In a landmark partnership between the Queensland AIDS Council (QuAC) and the HIV Foundation Queensland (HIVFQ), the state’s current trial, QPrEP, will expand from its existing size of 150 participants.
The news announced today comes after talks were held between the three stakeholders following mounting pressure on Dick to act swiftly and improve access to PrEP, given progress in other states and calls from health experts and the community.
“We want to work together to grow this number to give even more Queenslanders a chance to benefit from this important medication and prevent the spread of HIV in our state.”

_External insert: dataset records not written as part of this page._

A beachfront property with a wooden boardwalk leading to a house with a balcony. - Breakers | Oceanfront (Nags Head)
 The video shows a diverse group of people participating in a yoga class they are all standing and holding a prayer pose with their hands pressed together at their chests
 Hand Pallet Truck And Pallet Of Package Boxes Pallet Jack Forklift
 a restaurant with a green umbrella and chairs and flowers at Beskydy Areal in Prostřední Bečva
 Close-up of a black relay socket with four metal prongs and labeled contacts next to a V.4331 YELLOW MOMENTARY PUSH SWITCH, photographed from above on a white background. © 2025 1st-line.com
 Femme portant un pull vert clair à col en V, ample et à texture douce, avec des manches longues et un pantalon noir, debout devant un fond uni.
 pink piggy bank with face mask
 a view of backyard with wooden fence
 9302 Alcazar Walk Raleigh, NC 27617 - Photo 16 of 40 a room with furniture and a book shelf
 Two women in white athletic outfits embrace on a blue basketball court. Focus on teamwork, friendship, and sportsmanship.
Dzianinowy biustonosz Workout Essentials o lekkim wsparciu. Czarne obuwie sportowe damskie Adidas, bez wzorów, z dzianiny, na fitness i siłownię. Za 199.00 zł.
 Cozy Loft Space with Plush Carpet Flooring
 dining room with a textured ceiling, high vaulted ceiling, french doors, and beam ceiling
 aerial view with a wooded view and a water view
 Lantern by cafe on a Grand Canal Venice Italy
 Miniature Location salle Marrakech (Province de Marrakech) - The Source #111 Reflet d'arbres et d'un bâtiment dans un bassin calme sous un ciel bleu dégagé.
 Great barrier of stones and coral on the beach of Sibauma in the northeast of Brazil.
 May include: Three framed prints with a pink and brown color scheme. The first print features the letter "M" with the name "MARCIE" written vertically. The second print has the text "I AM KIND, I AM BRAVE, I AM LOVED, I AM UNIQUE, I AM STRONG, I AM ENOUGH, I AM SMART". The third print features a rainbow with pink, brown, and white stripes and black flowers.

Dick announced the formation of a working group between the government, QuAC and HIVFQ to work on rolling out the expanded trial.
“This group will commence work within the next 14 days and I expect them to make recommendations to government regarding an expansion of the project within two months.” he said.
QuAC Executive Director Michael Scott said the expansion will help Queensland reach national goals of ending new HIV transmissions.
“To reach the 2020 goal of zero new HIV notifications, all prevention mechanisms must be embraced, including increased access to PrEP,” he said.
“QuAC applauds the Palaszczuk Government for taking this proactive stance on PrEP and HIV prevention.”
HIVFQ Chair Dr Darren Russell, who oversaw the first stages of the QPrEP trial said that the proof that PrEP works is already there.
“The Foundation has long championed the evidence around treatment as prevention for HIV, from both a clinical and community perspective,” Russell said.
“The evidence around PrEP is clear and a rapid scale up of access to PrEP for Queenslanders is essential to end new HIV transmissions by 2020.
“I congratulate the Palaszczuk Government on seizing this unique opportunity that will enable an historic turning point in the battle to end HIV and look forward to working with the government and QuAC on this important issue.”
Dick repeated his call for the federal government to act on finally approving PrEP.
“With this project and this tablet, we have a strong chance of further reducing the number of new HIV cases we see in Queensland,” Dick said.
“But the best way for PrEP to become widely available and accessible to those who need it is through its approval by the Therapeutic Goods Administration and listing on the Pharmaceutical Benefits Scheme.
“The Palaszczuk Government is stepping up to the mark, but it is crucial that the Federal Government plays its part in HIV prevention by ensuring a PBS listing for this valuable medication.”